[Source material]

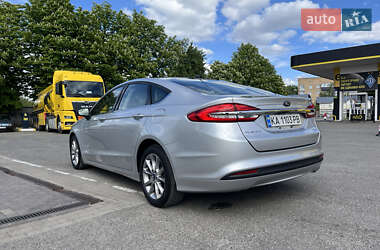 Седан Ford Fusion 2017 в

[/Source material]
[Source material]

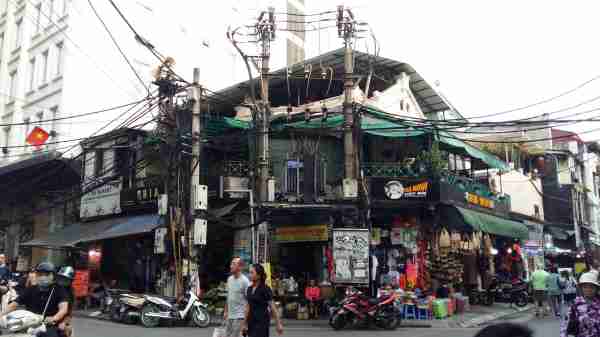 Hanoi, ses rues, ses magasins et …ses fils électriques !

[/Source material]
[Source material]

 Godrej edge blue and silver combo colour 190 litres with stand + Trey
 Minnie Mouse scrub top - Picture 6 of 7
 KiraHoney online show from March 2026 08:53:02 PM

[/Source material]

Exercise brief –
Would you retype the lines above from the one with "Minnie Mouse scrub top - Picture 6 of 7" down to the one with "KiraHoney online show", word for word, both ends included and no other lines?

Task response –
 Minnie Mouse scrub top - Picture 6 of 7
 KiraHoney online show from March 2026 08:53:02 PM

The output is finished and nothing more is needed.